§ **THE TASK**
Only the pictures should be left out; repeat the rest of the data exactly.

§ **EXTRACTED MATERIAL**
»»

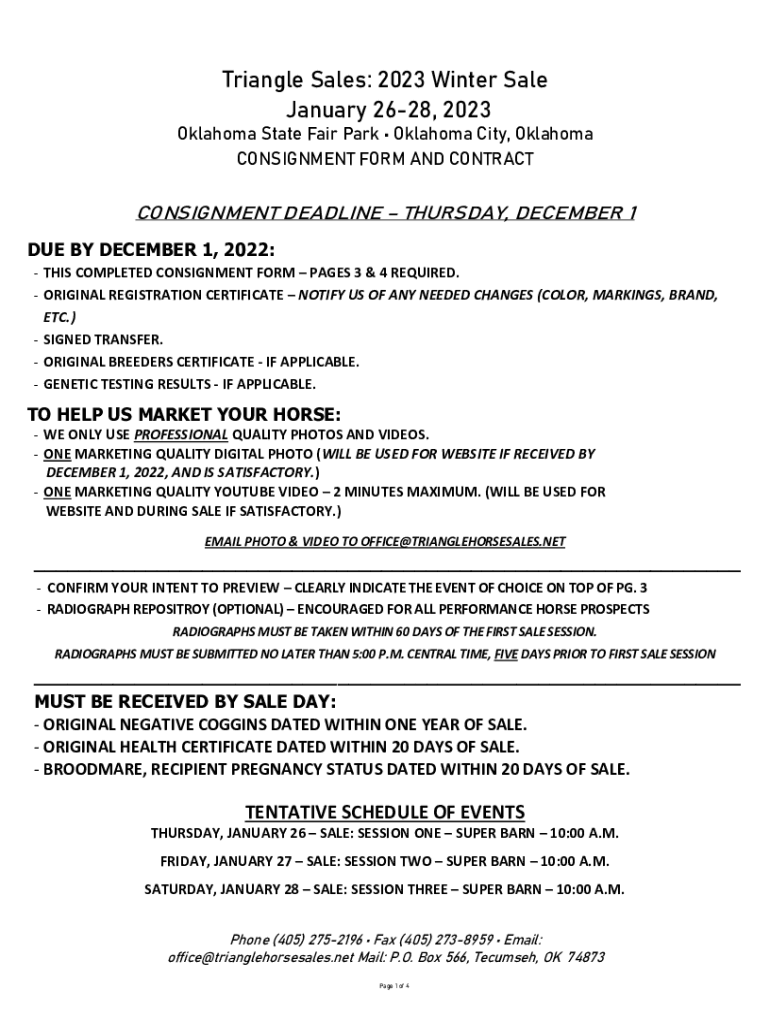 Fillable Online Consignment Deadline For Triangle Fall Sale at AQHA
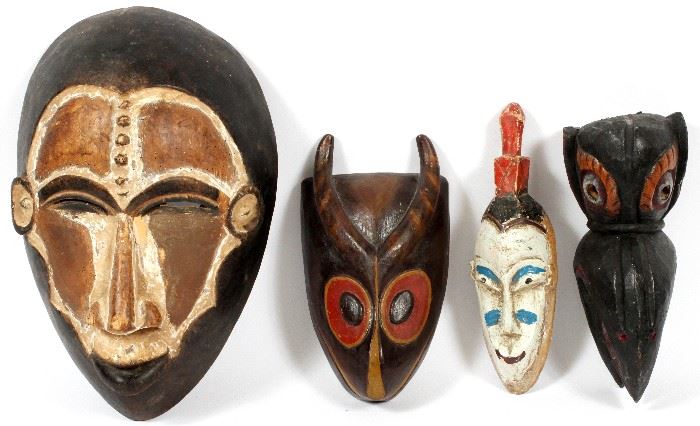 #2322 - AFRICAN AND INDONESIAN CARVED WOOD MASKS, FOUR, H 11"-15"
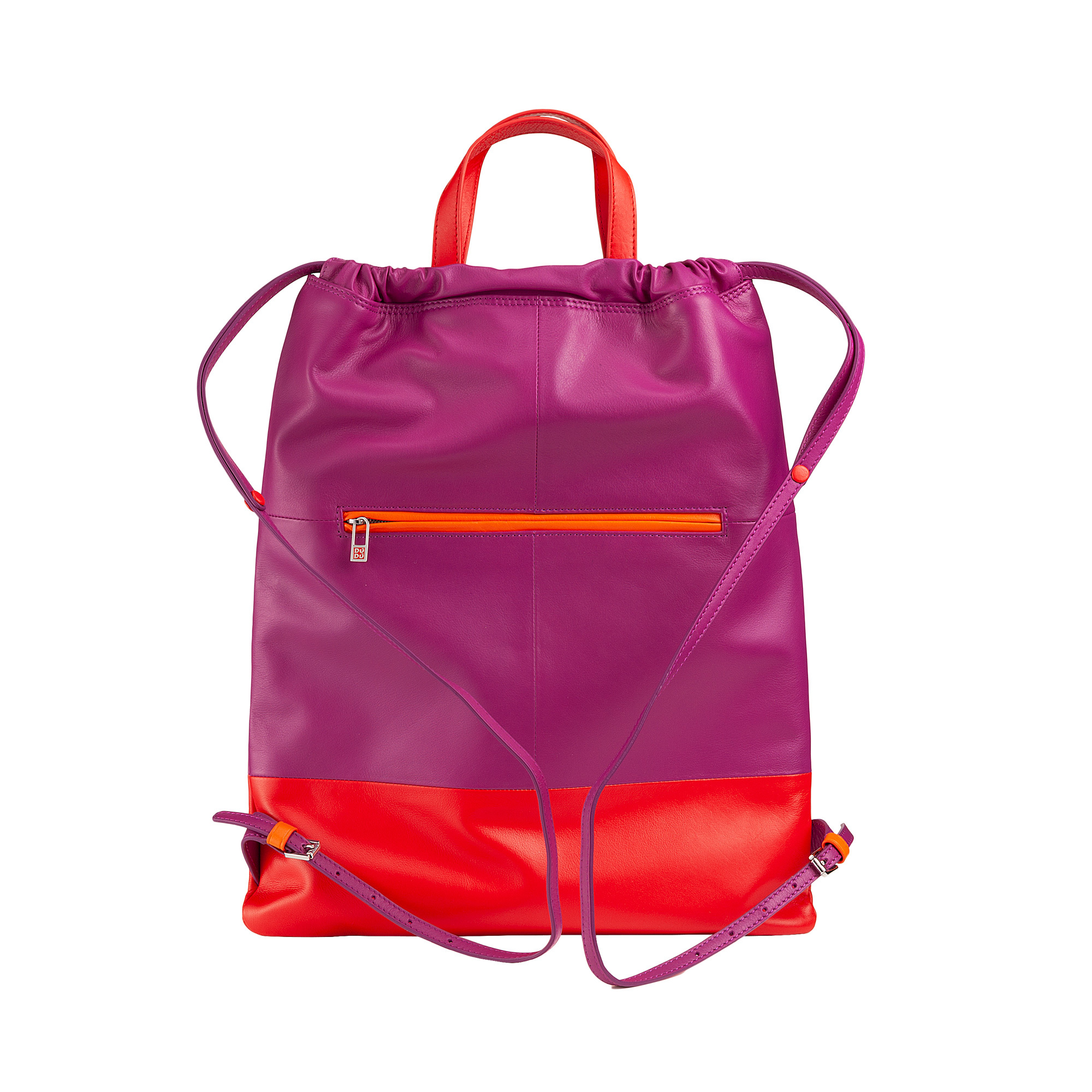 Women leather Drawstring backpack Linosa 534-1671-12 Fucsia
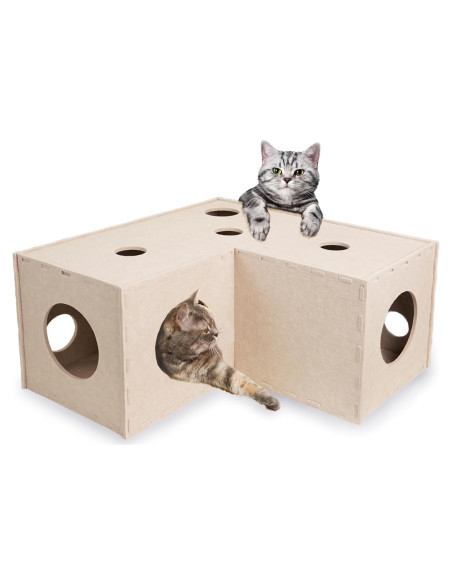 Túnel para Gatos Meeyoview en Forma de L, Fieltro Ecológico Túnel para Gatos Meeyoview en Forma de L, Fieltro Ecológico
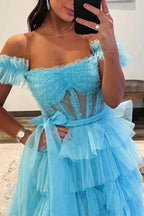 Adalynn | Royal Blue Off the Shoulder Ruffle Tiered Tulle Long Prom Dresses with Slit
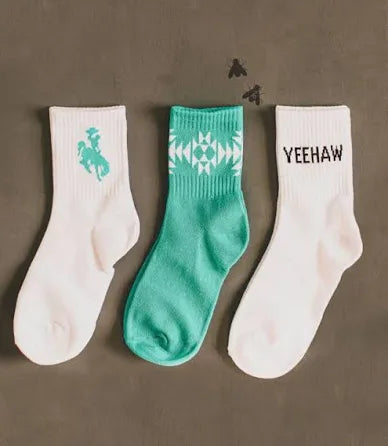 Yeehaw Socks White Pack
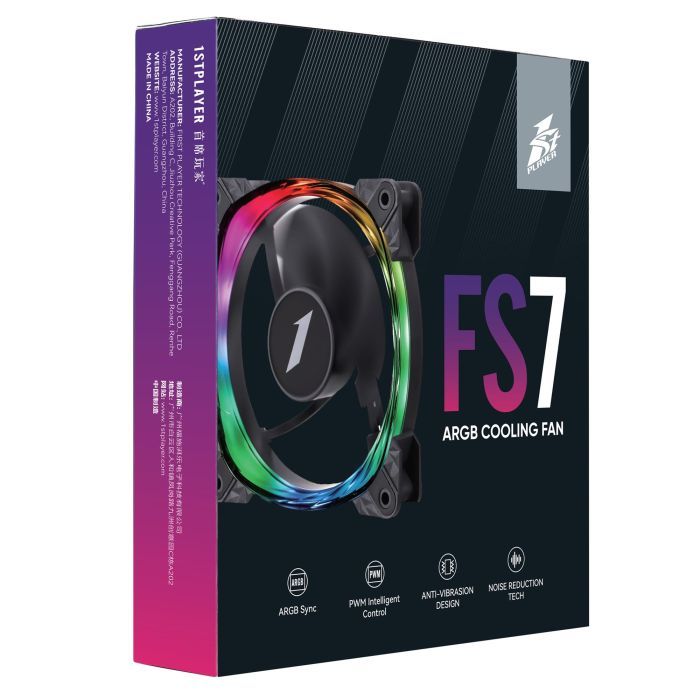 Кулер для корпуса 1stPlayer FS7 Black (FS7-BK-1IN1) изображение 10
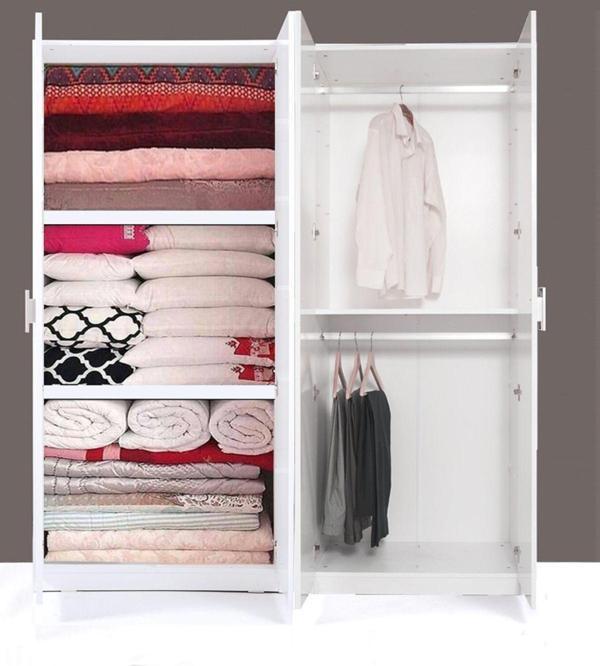 Kenyap Plus 812170 Stella 4 Kapaklı Yorgan Yatak Raflı Parlak Beyaz Gardırop 170 Cm - Image 1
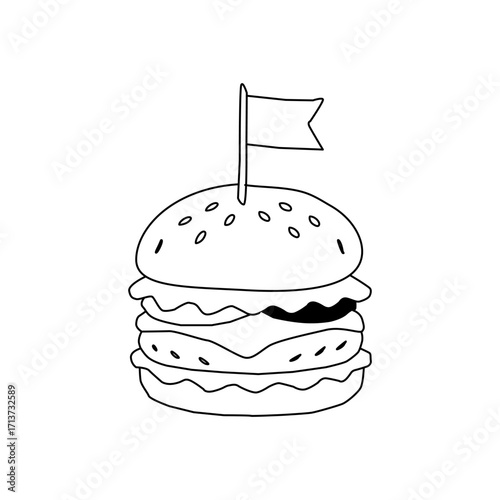 doodle burger pattern background. doodle fast food burger seamless pattern background. seamless pattern of hamburger in doodle style. Seamless Pattern of a Cheese Burger. Burger with stick. 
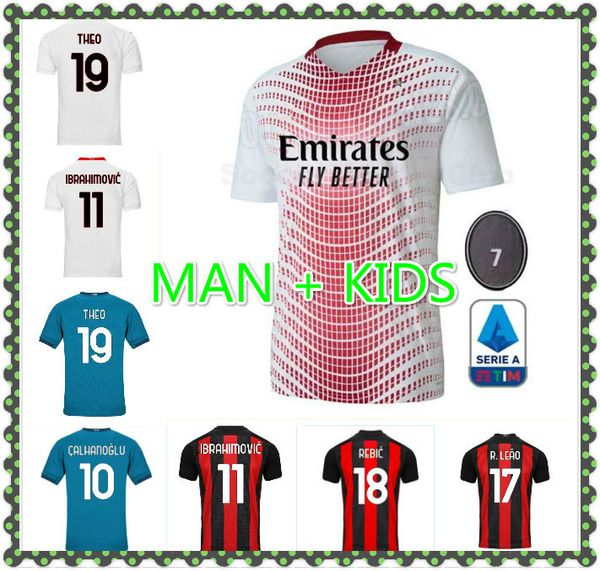 

20 21 ac milan футбол джерси 2020 2021 ac футболка 120-летие packa bennacer rebic camiseta de futbol romagnoli ибрагимович, Black;yellow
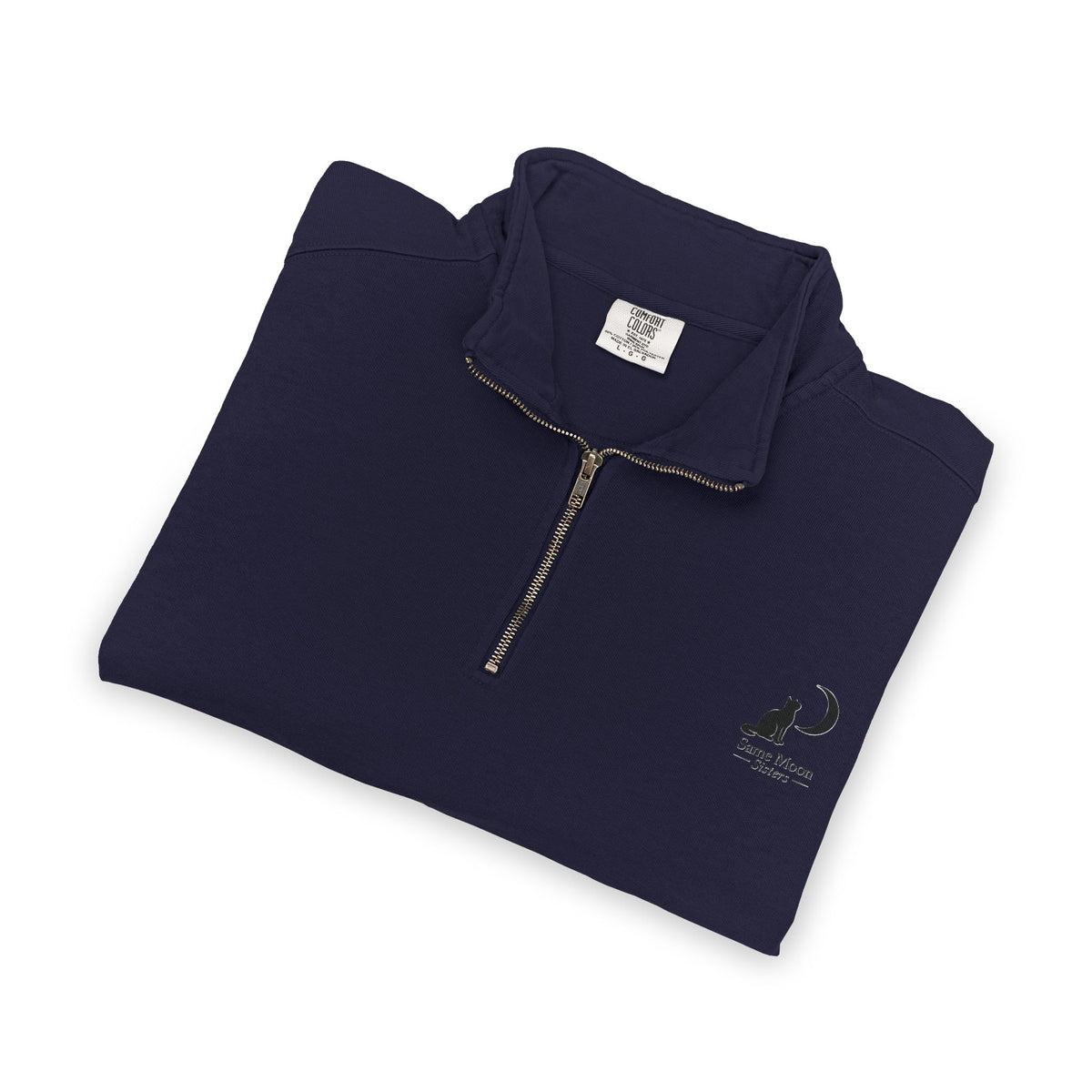 Cat & Crescent Moon Quarter-Zip — Same Moon Sisters product image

««

§ **ANSWER BOX**
 Fillable Online Consignment Deadline For Triangle Fall Sale at AQHA
 #2322 - AFRICAN AND INDONESIAN CARVED WOOD MASKS, FOUR, H 11"-15"
 Women leather Drawstring backpack Linosa 534-1671-12 Fucsia
 Túnel para Gatos Meeyoview en Forma de L, Fieltro Ecológico Túnel para Gatos Meeyoview en Forma de L, Fieltro Ecológico
 Adalynn | Royal Blue Off the Shoulder Ruffle Tiered Tulle Long Prom Dresses with Slit
 Yeehaw Socks White Pack
 Кулер для корпуса 1stPlayer FS7 Black (FS7-BK-1IN1) изображение 10
 Kenyap Plus 812170 Stella 4 Kapaklı Yorgan Yatak Raflı Parlak Beyaz Gardırop 170 Cm - Image 1
 doodle burger pattern background. doodle fast food burger seamless pattern background. seamless pattern of hamburger in doodle style. Seamless Pattern of a Cheese Burger. Burger with stick. 

20 21 ac milan футбол джерси 2020 2021 ac футболка 120-летие packa bennacer rebic camiseta de futbol romagnoli ибрагимович, Black;yellow
 Cat & Crescent Moon Quarter-Zip — Same Moon Sisters product image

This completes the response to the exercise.